JUSTICE L’accusée veut donner des cours de droit à la juge !
Pour sa première devant la justice, une habitante de Saint-Jean-du-Gard âgée de 44 ans n’a pas vraiment eu l’air impressionnée. Bien au contraire…
Le dernier dossier examiné par la juge Mathilde Pages, ce mardi matin devant le tribunal correctionnel d’Alès, semblait plutôt classique. La justice reproche à la prévenue d’avoir conduit sans assurance, une rébellion, et un refus de se soumettre aux dépistages de drogue et d’alcool. Mais la personnalité de l’accusée va colorer cette audience. La quadragénaire arrive à la barre avec un dessin aux couleurs de l’arc-en-ciel, un petit morceau de bois et une plume qui semblent attachés et qu’elle ne cesse de remuer comme pour conjurer un potentiel mauvais sort. Quelques minutes plus tôt, dans la salle des pas perdus, elle faisait déjà de grands gestes provoquant l’étonnement des personnes présentes.
La présidente, imperturbable, lui rappelle les faits et son refus de se soumettre au contrôle d’alcoolémie ainsi qu’au dépistage de drogue, mais aussi sa rébellion contre les deux gendarmes qui l’ont interpellée le 22 août dernier à Saint-Jean-du-Gard. Elle aurait refusé de sortir de son véhicule et, « hystérique », comme la décriront les deux militaires, elle portera un coup de pied dans les parties intimes du premier et blessera la seconde au bras.
La prévenue, bandeau rouge sur ses cheveux courts et emmitouflée sous un épais gilet bariolé avec un sac rouge en bandoulière, livre sa version des faits posément. Si elle concède ne pas avoir mis sa ceinture de sécurité, elle réfute tout le reste. Et inverse même les rôles : elle serait la victime de violences de la part des gendarmes. « Je précise que j’ai déposé plainte pour des violences physiques et sexuelles », avertit-elle en remuant sa plume de sa main droite. Pour le refus d’être dépisté ? « C’est à cause du Covid. Je suis méfiante de leurs kits qui se baladent de mains en mains », lance-t-elle. Et la rébellion ? « J’ai fait de la résistance passive et peut-être qu’involontairement mon pied a donné un petit coup », déclare-t-elle. Quant au contrôle technique de la voiture qui n’était pas à jour ? « Ce n’est pas obligatoire ! », décrète l’accusée.

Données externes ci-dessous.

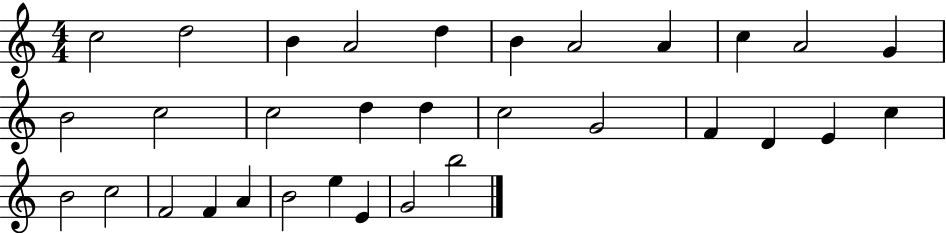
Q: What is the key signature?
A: C major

Même si la juge signale qu’elle a quand même plusieurs années de droit derrière elle, l’accusée pense mieux savoir : « J’ai connaissance de par une association que le contrôle technique est réglementé par un décret et non par la loi, mais il faut encore que je fasse des recherches. » La présidente ironise : « Vous me les enverrez pour éclairer ma lanterne. » Du tac au tac, la prévenue lance : « Mais est-ce que je peux terminer mon récit madame la juge ? Ça ne vous intéresse pas ? » Une remarque plutôt malvenue après 40 minutes d’audience durant laquelle l’accusée a eu toute la liberté d’exprimer son point de vue, lancer des accusations, et de remettre en cause - comme lors des faits qui lui sont reprochés - les dires de ses interlocuteurs.
La substitut du procureur, Sandrine Fabre, n’en revient pas : « On marche sur la tête au cours de cette audience. Et en plus, elle s’autorise à vous faire des cours de droit, madame la présidente. Quand on n’est pas respecté nous-mêmes, on comprend pourquoi cette scène est arrivée. » Mettant les « maladresses » de l’accusée sur le dos de la « première fois devant la justice », elle requiert à son encontre 4 mois de prison avec sursis. La juge prononcera 3 mois avec sursis et une amende de 100 € pour le défaut d’assurance. Celui de la voiture. Car il est clair que l’accusée, elle, n’en manque pas.